CENTRE is open source software which is expected to be available for public collaboration and contribution by developers globally. CENTRE software enables wallet-to-wallet transactions within and across currencies, including native crypto assets as well as digital fiat assets (digital dollars, euros and other currencies).

The initial implementation of the protocols currently exists at Circle, where it is manifested as a proprietary ledger exposed to Circle’s partners through a set of partner APIs. Partners, identified by the partner tokens they employ to call upon these APIs, utilize the protocols today to achieve wallet and account interoperability for the purpose of settling transactions involving fiat currency crosses (for example, the current implementation supports a partnership enabling transfer of US dollars into Korean won).

OVERVIEW

CENTRE plans to create a new implementation of these protocols that is not proprietary, but rather an open global public utility. The protocol itself is implementation-independent and blockchain agnostic, not dependent upon one particular underlying blockchain, programming language, operating system, or settlement infrastructure.

Though CENTRE plans its next implementation of the protocols to be deployed on the Ethereum network and make use of ERC20 tokens as an iteration on the initial Circle implementation which is not based on Ethereum, the protocol is designed for compatibility across multiple other DLT technologies and runtimes, and multiple implementations are expected to be created for other blockchains. The protocols function at an architectural layer on top of Ethereum, Bitcoin, and other blockchain implementations without being tightly coupled to them or requiring one specific implementation in particular.

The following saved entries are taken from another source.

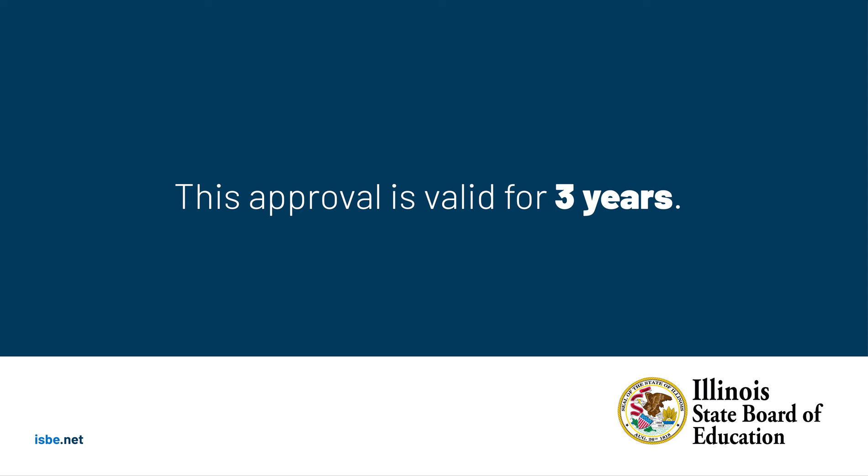This approval is valid for three years, and you must complete the remaining requirements to receive the permanent paraprofessional license before the short-term approval expires, to continue as a paraprofessional. For more information on the short-term approval and other licensure options, please visit our website at isbe.net.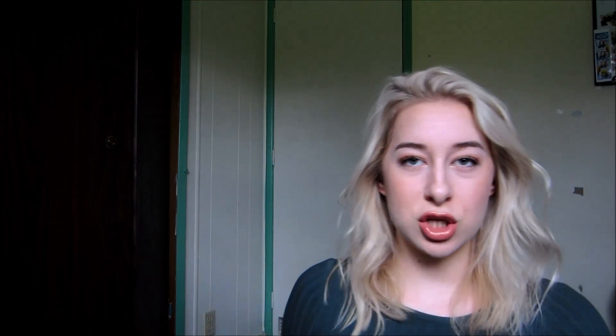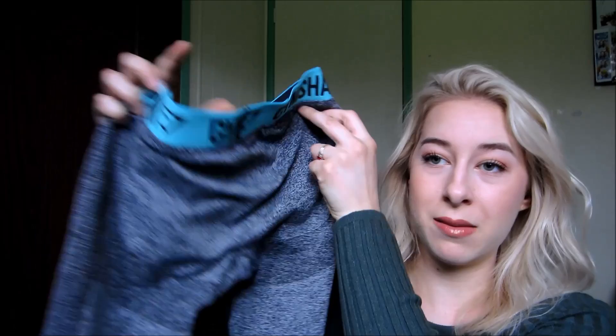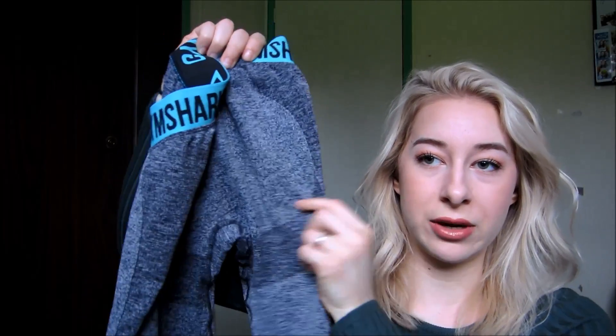My sister just pointed this out to me — these definitely have like a butt imprint, and I think that's why they're so flattering. The way they design these leggings really helps to flatter your booty and just your legs and your body in general. They just make you look really sculpted and really great, so I 100% love these and totally recommend them. For being like $30, I think that's kind of affordable for leggings — it's kind of in between Lululemon and Marshalls.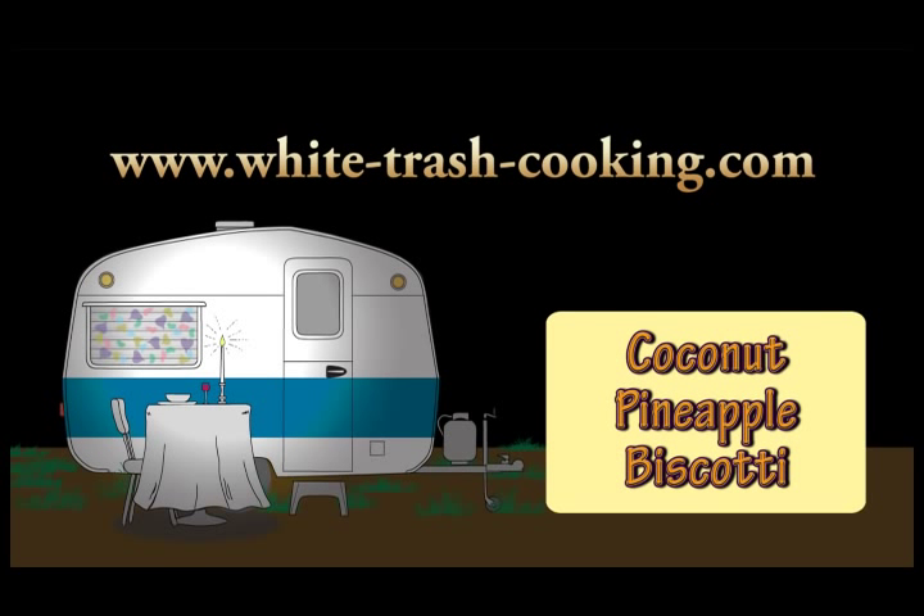Hello, my name is Dennis and welcome to my Trailer Park White Trash Mobile Home Kitchen. I really do live in a mobile home, in a trailer park, and this is my kitchen.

CENTRE can support many settlement rails, including other blockchains both public and private, and bank rails including traditional wire protocols. To increase transactional capacity and drive costs toward zero, CENTRE makes heavy use of “state channels” to move value. State channels enable multiple transactions to occur securely and swiftly without publishing every individual transaction to an underlying blockchain ledger. This mechanism is also viewed as increasing privacy protections.

CENTRE also plans to offer a service provider mechanism to support trust and identity decisions, rules for payment settlement and reversals, and the secure exchange of KYC/AML-related information to meet compliance obligations.